Nevertheless, what is the cause of concern is that Muslims population all over the globe are caught in the inextricable web of killing and bloodshed. Our youths perpetually burn with anger; some resort to sporadic acts of violence and blast themselves as suicide bombs. They think that war, and killing the enemy, is the best and the only strategy available to deal with the situation. They think that they are Allah’s warrior fighting for the glory of God on the earth. God’s divine grace is with them in every difficulty and setback, and they will finally triumph in their holy war.
But let me ask: Can we defeat world’s most powerful army and the best brain with infantile anger and a Kalashnikov? Do you think the angry zealots guided by misconceived notion of holy war can vanquish the most powerful civilization of the human history?
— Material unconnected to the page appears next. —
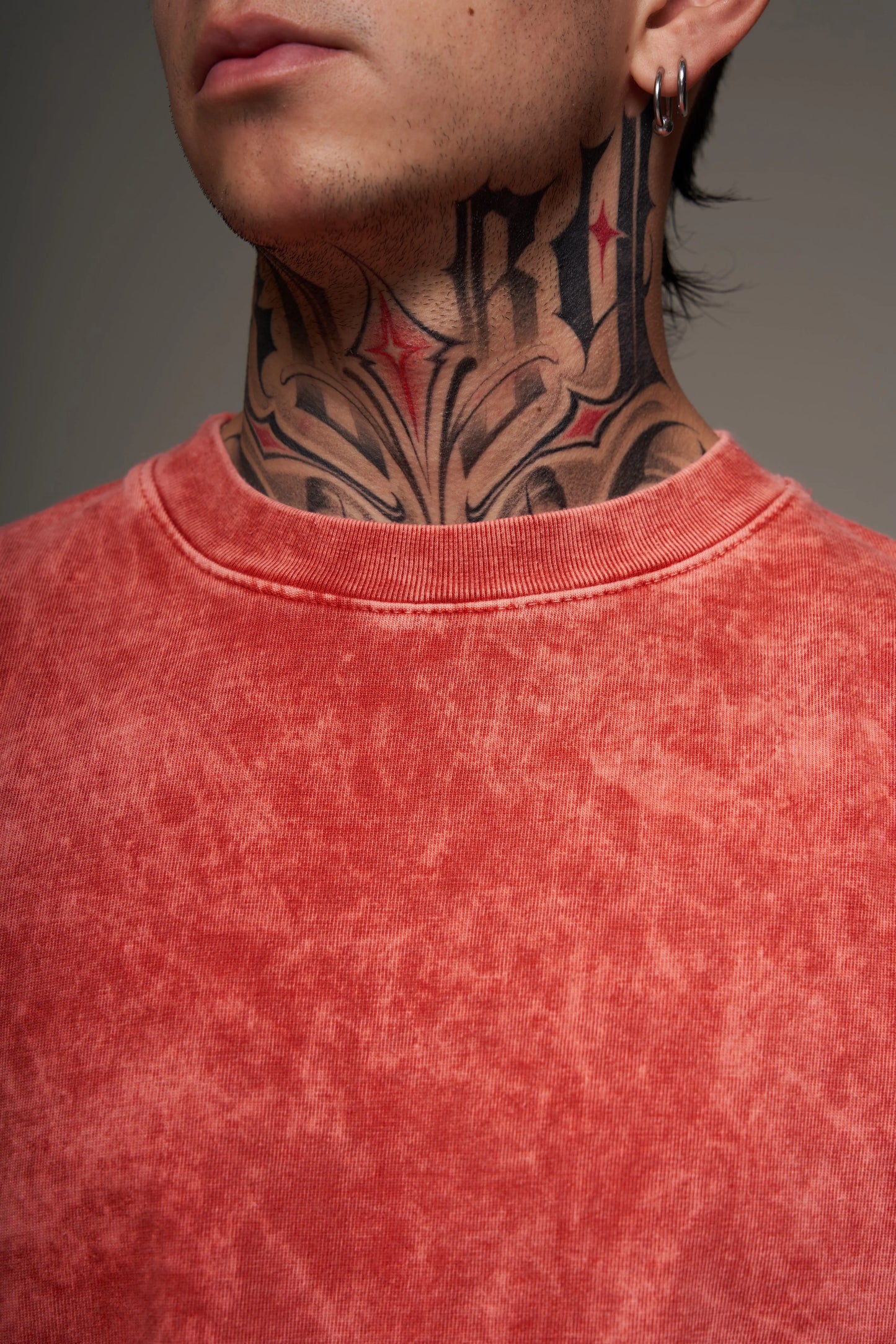 Camiseta Básica Oversize Acid Wash Roja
Or does such a civilization which gave us books, internet, television, telephone, electricity and plane and the theories of democracy, human rights, minority rights, social justice, socialism etc. deserve to be fought and destroyed
More important than that is asking the question: Is there another way of resisting the ‘enemy’ if we believe that the ‘enemy’ is at our throat? This is because the kamikaze tactics is bringing a colossal material and spiritual damage to Islam and the poor and hapless Muslims. You see a bomb blasted on a train, a temple, or a market place throw peace and inter-community harmony out of gear, then every Indian Muslim become a suspect and we run for a cover. Same is the case elsewhere also, in fact, it’s all over the world. This also makes Islamic ideology look anti-modern and illiberal and a source of ‘Jehadi terrorism’ as do scholars such as Francis Fukuyama think.
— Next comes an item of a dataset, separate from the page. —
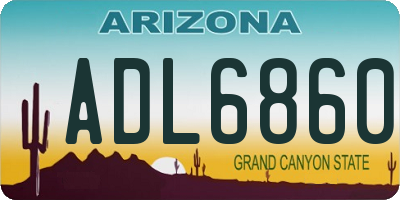 AZ license plate ADL6860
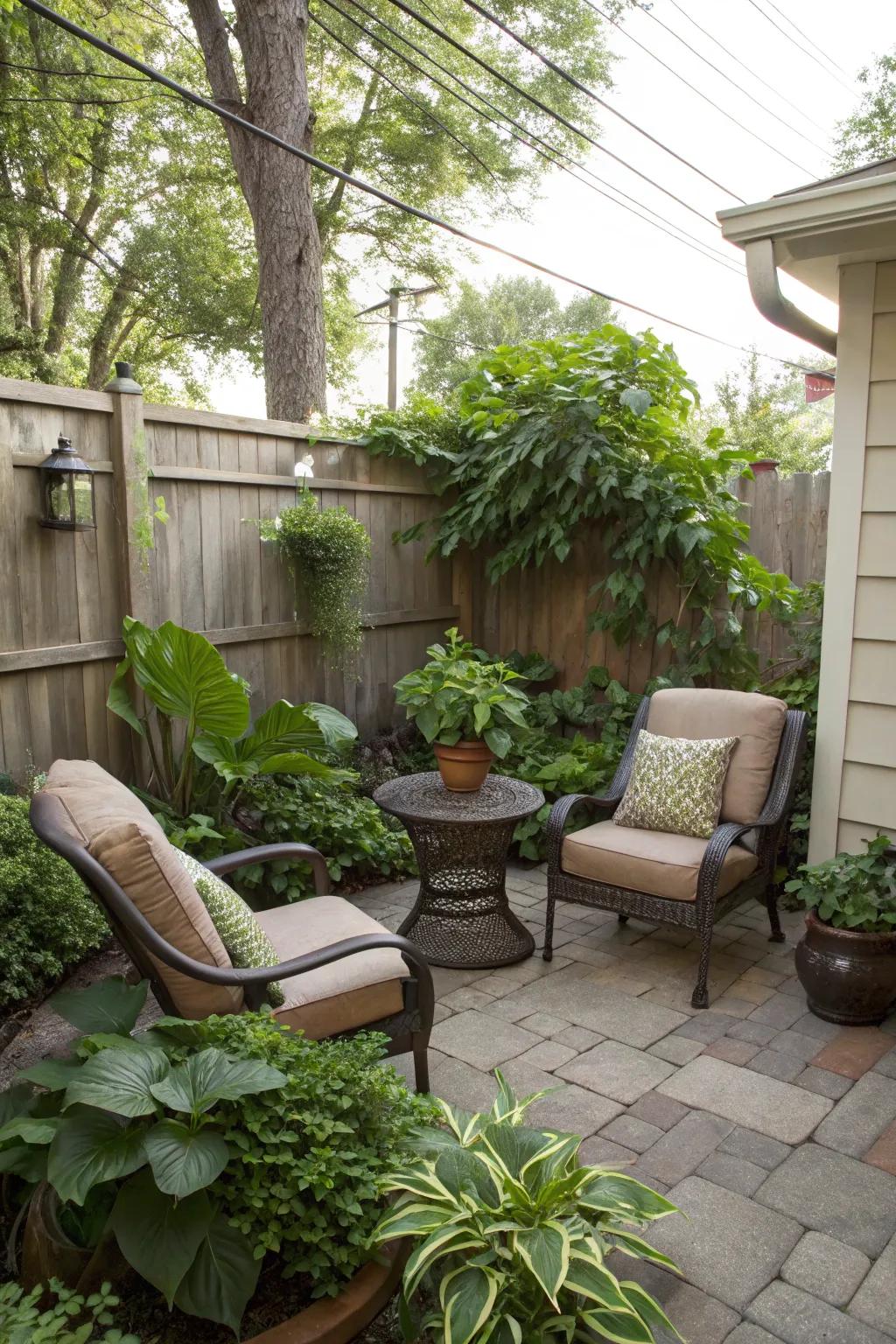 A cozy seating area in a small backyard, perfect for relaxation.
Therefore, can we the Muslims think of another way of reacting to the injustices thrust upon us? What all these blood and fury will get us? May be a feeling of catharsis, a little dissipation of anger in the heart. But is that all we want at the cost of such colossal loss of life? Can that be the goal and strategy of a thinking Muslim?
Steven Covey in ‘Seven Habits of Highly Effective People’ so well expressed it, ‘Between stimulus and response there is a space. In that space lies our freedom and power to choose our response. In these choices lies our growth and our happiness.’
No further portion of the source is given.